Key figures from the mortgage industry met the Economic Secretary to the Treasury, Harriett Baldwin, today (16 July 2015) for the bi-annual Home Finance Forum.
These included Paul Smee from the Council of Mortgage Lenders and representatives of all major banks and building societies, as well as civic groups such as Shelter and Citizens’ Advice.
Pensions Minister Ros Altmann and Housing Minister Brandon Lewis also attended along with representatives from the Bank of England and Financial Conduct Authority, in recognition of the importance of engaging with the industry across government.
The Economic Secretary focused on the importance of the mortgage industry ensuring that the market delivers for hard-working people at every stage of their life, from the Help to Buy ISA for first-time buyers to supporting lending to older people.
She also thanked the industry for their support over the last Parliament in securing the economic recovery. Since 2010, 2.8 million mortgages have been advanced, worth a total of £444.5 billion, and by backing the government’s flagship Help to Buy schemes, the industry has helped nearly 100,000 people get onto or move up the housing ladder.
The Council of Mortgage Lenders and Which? also discussed a series of reforms to promote mortgage transparency that they are working on with the government, which are expected to be announced this Summer.
Harriett Baldwin, Economic Secretary to the Treasury, said:
It was great to meet with the mortgage industry today to discuss how we can work together to ensure that the mortgage market works for every stage of someone’s life.

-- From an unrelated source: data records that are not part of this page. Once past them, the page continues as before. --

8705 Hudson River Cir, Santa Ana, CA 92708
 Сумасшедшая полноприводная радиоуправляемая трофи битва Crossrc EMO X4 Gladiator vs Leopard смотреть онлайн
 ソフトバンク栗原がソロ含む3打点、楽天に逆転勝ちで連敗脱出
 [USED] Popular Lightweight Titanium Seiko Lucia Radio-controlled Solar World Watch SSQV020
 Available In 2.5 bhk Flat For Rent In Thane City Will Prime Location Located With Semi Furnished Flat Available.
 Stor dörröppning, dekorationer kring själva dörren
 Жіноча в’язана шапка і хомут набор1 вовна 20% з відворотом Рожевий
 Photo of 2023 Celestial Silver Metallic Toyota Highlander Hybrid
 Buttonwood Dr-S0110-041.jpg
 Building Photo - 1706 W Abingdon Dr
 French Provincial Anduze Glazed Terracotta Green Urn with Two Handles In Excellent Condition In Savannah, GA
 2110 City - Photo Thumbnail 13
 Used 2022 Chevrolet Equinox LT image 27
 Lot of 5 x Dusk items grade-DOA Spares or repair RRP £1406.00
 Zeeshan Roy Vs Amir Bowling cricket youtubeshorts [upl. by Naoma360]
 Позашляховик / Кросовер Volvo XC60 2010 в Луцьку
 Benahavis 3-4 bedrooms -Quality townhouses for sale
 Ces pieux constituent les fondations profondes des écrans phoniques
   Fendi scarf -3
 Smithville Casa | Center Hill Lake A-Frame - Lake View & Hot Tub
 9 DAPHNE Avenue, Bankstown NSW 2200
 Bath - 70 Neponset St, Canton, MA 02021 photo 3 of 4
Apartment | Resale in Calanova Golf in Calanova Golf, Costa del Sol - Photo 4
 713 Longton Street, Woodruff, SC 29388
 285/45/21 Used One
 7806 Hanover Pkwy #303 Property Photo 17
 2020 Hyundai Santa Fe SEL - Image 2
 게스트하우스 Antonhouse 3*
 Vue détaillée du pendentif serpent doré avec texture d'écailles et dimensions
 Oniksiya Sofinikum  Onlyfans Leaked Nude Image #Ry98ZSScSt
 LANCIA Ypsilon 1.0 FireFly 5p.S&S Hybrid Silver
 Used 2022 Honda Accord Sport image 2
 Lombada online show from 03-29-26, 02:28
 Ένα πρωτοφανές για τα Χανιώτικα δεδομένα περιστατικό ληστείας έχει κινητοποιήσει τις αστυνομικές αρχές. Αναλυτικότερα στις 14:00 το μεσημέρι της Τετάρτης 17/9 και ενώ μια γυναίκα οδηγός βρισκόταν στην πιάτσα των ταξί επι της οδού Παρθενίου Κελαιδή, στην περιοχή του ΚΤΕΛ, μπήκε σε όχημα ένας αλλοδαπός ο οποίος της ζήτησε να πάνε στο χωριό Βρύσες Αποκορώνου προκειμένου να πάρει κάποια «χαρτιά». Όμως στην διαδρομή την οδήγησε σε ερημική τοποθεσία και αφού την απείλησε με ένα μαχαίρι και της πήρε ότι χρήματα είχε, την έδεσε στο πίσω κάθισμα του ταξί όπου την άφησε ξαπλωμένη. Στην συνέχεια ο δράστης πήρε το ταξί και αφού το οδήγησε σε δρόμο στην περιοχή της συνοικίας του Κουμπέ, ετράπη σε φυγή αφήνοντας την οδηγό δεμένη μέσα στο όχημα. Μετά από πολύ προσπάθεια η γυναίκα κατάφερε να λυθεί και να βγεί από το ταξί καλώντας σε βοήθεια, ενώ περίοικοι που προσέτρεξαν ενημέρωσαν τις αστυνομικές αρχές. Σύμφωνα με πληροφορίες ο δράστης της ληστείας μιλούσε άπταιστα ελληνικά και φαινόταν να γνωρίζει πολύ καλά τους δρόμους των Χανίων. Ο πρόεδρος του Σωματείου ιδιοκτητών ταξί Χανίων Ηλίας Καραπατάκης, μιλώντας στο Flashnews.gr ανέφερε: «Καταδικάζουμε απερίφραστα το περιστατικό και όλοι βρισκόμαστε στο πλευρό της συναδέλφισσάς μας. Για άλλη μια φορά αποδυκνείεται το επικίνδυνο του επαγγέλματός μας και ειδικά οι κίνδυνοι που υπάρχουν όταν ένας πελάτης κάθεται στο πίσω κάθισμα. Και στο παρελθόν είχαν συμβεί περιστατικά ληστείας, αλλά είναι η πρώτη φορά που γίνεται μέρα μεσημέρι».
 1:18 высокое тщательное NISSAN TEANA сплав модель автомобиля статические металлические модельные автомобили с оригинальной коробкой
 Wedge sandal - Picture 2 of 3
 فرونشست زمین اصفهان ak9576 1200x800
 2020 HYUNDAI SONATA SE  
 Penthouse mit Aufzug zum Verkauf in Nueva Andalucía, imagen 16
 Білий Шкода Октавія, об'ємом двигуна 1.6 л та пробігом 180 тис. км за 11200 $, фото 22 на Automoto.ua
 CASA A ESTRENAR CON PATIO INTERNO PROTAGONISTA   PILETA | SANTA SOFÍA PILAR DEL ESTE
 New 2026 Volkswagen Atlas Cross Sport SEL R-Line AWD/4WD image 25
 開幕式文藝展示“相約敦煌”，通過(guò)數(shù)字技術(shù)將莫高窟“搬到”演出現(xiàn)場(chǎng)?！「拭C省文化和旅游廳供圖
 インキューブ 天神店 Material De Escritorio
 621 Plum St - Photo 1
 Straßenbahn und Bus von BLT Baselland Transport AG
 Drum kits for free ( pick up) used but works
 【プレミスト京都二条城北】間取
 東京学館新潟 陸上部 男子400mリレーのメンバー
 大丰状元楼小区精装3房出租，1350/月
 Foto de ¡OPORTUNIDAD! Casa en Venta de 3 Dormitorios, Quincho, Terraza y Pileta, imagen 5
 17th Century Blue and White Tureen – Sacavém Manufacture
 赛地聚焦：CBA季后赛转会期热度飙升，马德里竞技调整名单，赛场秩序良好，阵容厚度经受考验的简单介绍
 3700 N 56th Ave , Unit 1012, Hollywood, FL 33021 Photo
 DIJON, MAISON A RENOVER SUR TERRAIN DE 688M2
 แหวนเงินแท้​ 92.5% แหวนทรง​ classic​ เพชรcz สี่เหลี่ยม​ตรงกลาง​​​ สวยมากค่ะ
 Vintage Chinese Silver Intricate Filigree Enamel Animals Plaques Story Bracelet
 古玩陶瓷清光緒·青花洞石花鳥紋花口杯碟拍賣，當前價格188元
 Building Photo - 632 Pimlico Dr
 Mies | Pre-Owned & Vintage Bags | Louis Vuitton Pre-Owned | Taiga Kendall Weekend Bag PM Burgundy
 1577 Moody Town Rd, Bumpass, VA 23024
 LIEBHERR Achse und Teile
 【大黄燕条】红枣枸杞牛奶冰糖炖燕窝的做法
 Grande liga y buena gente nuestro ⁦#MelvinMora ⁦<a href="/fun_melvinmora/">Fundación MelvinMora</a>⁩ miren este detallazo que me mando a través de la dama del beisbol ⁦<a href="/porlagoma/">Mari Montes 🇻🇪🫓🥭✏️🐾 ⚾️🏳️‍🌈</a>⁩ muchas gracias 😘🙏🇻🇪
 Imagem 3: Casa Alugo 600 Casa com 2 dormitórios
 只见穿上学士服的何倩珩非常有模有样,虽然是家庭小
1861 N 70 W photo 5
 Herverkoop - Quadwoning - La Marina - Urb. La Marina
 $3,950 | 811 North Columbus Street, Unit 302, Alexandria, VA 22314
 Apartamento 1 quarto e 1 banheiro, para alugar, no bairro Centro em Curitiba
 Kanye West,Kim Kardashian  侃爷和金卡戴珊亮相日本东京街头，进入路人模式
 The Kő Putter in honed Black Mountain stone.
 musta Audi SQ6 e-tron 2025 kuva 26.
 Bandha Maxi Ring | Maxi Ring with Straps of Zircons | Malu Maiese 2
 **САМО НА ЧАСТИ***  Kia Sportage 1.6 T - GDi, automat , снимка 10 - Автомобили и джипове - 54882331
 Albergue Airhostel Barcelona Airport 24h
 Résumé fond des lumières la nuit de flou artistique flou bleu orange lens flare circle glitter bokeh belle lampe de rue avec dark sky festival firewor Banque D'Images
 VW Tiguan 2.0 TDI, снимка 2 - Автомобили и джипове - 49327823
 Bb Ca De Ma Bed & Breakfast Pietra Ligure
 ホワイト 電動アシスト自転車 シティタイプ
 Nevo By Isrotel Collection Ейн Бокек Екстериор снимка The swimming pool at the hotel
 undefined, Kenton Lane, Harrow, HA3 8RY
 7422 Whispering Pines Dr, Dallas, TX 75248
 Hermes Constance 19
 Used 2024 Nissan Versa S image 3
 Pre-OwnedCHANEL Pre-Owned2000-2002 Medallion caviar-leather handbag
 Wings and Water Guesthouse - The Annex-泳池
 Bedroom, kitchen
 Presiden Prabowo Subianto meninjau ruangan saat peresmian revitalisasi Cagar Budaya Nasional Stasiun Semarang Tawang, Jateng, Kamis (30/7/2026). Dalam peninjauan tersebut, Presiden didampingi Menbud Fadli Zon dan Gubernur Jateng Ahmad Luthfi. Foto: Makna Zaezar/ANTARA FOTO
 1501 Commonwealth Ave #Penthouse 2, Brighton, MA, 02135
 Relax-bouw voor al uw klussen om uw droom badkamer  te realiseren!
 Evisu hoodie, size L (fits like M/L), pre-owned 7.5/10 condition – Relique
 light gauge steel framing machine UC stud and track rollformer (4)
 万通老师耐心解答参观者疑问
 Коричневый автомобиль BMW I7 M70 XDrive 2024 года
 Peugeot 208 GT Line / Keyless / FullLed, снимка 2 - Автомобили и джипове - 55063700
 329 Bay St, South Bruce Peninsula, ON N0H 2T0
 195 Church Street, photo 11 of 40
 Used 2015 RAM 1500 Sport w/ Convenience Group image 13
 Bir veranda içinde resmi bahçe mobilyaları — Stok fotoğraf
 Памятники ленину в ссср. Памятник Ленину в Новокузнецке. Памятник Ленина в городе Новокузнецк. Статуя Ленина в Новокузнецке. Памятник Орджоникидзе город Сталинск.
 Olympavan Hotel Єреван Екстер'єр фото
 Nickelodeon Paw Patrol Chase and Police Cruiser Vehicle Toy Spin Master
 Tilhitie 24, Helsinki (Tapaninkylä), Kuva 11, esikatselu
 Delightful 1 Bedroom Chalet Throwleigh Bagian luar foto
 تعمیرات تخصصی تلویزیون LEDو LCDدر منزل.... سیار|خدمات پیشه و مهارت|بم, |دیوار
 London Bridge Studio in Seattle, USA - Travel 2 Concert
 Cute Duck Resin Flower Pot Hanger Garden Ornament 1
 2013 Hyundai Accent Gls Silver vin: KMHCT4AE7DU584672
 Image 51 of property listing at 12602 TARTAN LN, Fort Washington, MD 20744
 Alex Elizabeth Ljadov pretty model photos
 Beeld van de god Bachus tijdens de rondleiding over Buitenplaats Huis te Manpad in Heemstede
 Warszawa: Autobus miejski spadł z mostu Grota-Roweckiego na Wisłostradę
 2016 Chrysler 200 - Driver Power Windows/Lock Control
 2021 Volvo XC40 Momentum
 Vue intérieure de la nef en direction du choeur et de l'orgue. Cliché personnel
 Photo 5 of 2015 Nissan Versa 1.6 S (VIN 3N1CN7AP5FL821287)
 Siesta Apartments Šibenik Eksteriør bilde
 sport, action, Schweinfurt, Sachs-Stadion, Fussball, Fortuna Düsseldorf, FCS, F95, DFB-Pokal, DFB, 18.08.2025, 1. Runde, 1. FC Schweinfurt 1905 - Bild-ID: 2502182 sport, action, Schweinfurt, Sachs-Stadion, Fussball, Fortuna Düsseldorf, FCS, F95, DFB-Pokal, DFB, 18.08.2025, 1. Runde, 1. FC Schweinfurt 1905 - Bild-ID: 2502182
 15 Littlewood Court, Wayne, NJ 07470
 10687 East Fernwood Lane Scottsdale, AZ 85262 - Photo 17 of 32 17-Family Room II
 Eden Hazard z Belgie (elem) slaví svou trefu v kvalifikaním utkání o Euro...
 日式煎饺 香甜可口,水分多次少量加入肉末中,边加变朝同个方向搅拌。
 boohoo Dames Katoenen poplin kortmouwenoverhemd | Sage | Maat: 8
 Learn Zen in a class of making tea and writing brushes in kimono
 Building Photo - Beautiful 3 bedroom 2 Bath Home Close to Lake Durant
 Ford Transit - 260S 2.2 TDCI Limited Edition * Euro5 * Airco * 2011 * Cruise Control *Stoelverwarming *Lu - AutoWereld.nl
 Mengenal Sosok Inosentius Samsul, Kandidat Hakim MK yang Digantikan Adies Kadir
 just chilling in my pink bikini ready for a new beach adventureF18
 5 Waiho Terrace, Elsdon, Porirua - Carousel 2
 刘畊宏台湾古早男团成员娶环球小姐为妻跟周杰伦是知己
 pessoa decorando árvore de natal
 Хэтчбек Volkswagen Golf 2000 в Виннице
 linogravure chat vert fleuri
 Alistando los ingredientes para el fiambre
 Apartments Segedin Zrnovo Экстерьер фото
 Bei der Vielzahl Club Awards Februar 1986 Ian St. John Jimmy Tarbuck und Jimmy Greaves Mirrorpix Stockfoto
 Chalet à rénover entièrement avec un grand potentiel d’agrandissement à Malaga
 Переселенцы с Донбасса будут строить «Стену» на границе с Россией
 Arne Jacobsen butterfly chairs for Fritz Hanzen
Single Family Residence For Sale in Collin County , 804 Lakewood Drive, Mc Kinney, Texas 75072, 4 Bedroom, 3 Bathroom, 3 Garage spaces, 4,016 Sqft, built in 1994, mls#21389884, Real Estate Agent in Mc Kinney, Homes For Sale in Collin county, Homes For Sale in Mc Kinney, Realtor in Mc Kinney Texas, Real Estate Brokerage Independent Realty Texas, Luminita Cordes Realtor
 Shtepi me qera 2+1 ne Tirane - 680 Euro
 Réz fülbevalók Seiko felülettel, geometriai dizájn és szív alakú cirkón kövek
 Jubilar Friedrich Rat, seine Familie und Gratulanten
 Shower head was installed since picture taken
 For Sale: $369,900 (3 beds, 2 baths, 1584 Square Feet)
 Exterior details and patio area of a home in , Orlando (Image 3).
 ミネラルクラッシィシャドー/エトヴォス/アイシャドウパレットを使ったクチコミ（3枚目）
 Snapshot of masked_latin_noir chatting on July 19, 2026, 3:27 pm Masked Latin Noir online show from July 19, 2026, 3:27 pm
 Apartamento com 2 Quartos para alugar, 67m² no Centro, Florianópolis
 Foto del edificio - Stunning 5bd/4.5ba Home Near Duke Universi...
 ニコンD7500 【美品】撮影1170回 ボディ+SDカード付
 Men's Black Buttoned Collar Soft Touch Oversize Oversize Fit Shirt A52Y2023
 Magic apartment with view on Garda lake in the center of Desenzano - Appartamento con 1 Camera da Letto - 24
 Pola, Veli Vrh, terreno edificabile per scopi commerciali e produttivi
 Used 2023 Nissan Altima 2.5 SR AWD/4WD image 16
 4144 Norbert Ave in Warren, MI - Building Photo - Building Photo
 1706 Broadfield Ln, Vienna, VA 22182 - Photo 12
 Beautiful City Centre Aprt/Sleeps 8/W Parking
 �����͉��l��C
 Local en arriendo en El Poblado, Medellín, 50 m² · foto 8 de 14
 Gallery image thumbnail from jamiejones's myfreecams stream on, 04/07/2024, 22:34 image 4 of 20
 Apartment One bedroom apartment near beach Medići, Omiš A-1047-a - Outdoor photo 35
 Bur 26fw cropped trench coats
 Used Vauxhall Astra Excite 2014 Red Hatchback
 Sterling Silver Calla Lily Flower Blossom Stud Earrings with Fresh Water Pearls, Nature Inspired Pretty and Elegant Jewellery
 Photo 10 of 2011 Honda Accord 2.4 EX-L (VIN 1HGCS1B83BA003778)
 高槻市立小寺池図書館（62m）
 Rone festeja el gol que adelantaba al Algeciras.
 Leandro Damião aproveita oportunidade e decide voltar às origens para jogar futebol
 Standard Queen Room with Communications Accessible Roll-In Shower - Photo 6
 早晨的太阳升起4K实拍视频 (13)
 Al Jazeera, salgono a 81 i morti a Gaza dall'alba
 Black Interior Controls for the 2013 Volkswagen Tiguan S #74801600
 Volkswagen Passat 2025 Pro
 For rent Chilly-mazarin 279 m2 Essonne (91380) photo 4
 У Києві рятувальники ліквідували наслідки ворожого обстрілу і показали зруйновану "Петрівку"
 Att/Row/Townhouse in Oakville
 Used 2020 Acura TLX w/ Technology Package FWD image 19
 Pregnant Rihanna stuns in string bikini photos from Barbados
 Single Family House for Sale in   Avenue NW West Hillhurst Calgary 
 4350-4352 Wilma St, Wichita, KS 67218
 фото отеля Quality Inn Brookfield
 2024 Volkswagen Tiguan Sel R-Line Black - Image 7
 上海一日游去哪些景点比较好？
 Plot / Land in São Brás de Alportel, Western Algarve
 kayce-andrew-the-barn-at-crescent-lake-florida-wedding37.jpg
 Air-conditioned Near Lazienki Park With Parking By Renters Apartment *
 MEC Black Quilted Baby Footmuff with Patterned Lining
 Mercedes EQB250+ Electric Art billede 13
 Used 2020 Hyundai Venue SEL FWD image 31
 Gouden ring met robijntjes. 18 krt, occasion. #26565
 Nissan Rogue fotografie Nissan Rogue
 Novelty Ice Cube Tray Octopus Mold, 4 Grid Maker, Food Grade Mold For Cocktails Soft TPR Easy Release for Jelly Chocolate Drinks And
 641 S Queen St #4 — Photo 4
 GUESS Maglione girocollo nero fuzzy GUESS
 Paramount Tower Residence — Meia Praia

The government’s Help to Buy: ISA – due to launch later in the year – will get young people on to the housing ladder, while our work on supporting lending to older people will make sure the mortgage market delivers for those who have worked hard all their life.
Last year the government asked Which? and the Council of Mortgage Lenders to work together on practical steps that could to be taken to improve the transparency of mortgage fees.
It was great to hear today about the excellent progress that this project has made towards making sure that hardworking families can get the best-possible deal on their mortgage.
I’m looking forward to continuing to work closely with the industry on this and other important issues as part of our long-term plan for working people.
Paul Smee, Director General of the CML, said:
We are pleased that the real effect which the mortgage market can have on people’s lives is recognised within government.
We take the industry’s responsibilities to borrowers very seriously; we hope the improvements we are making to the transparency of fees and charges will help make it easier for people to understand mortgage costs more easily, and will support the many benefits that a wide choice of mortgages brings to consumers.
Brandon Lewis, Housing Minister, said:
I was pleased to meet with representatives from the mortgage industry and across government to discuss how we can work together to ensure anyone who works hard and aspires to own their own home can turn their dream into a reality.
Our long-term economic plan has turned this country around to one where the numbers of first-time buyers are at their highest since 2007, housebuilding continues to climb and over 225,000 households have been helped to buy or reserve property since 2010 through government-backed schemes.
And even more first time buyers are expected to be helped when the government’s Help to Buy ISA launches this later this year.
Baroness Altmann, Minister for Pensions, said:
The Government is committed to ensuring that the mortgage market delivers for those who have worked hard all their life.
We will continue to work with mortgage lenders to ensure their products and practices reflect changing societal realities, such as the increased prevalence of later life working and secure private pension income through retirement.
We want to ensure that people have fair access to mortgage finance when they need it.